(GIVEN RECORDS begins)
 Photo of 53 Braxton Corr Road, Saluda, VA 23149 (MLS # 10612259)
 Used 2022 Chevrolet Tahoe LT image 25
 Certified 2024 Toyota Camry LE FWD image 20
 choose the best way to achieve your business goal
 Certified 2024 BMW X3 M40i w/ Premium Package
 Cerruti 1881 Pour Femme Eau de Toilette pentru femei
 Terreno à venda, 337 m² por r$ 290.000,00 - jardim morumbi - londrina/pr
(GIVEN RECORDS ends)
(GIVEN RECORDS begins)
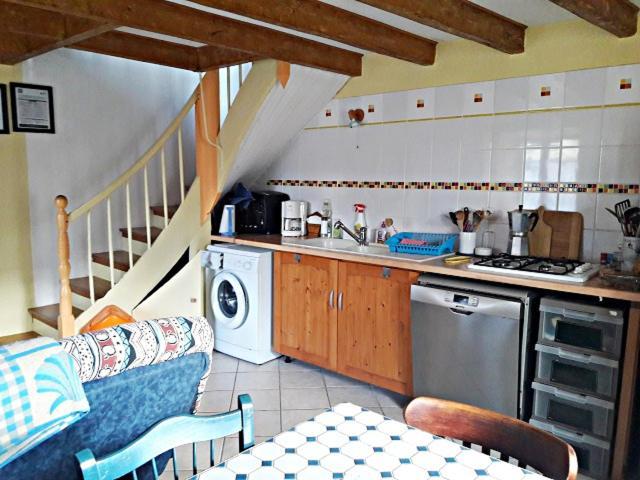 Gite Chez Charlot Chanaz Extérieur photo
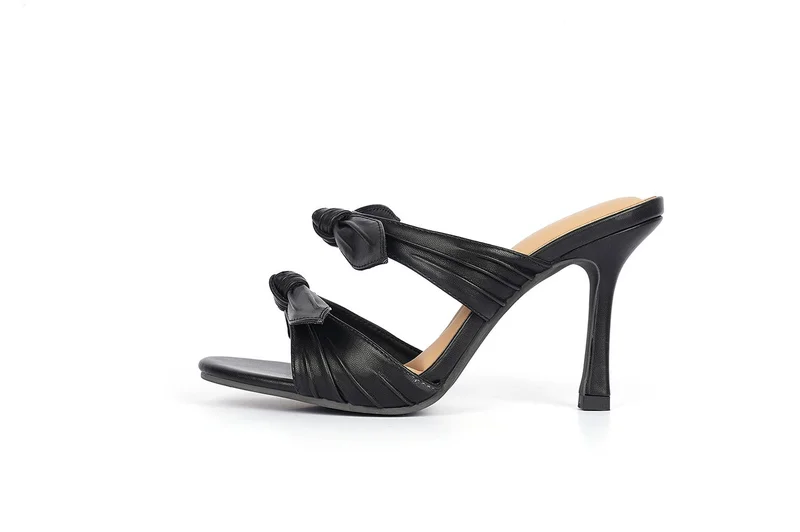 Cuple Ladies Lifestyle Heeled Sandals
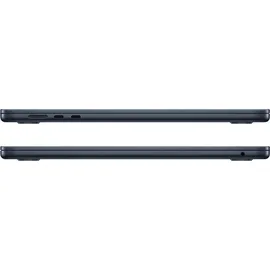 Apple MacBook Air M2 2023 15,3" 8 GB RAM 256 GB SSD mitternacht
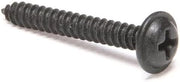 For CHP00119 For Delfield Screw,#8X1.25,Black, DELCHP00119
(GIVEN RECORDS ends)
#### WHAT TO DO:
Reproduce verbatim only the segment of the listing bounded by the line containing "Used 2022 Chevrolet Tahoe LT image 25" and the line containing "Terreno à venda, 337", with both boundary lines included.

#### RESPONSE BELOW:
 Used 2022 Chevrolet Tahoe LT image 25
 Certified 2024 Toyota Camry LE FWD image 20
 choose the best way to achieve your business goal
 Certified 2024 BMW X3 M40i w/ Premium Package
 Cerruti 1881 Pour Femme Eau de Toilette pentru femei
 Terreno à venda, 337 m² por r$ 290.000,00 - jardim morumbi - londrina/pr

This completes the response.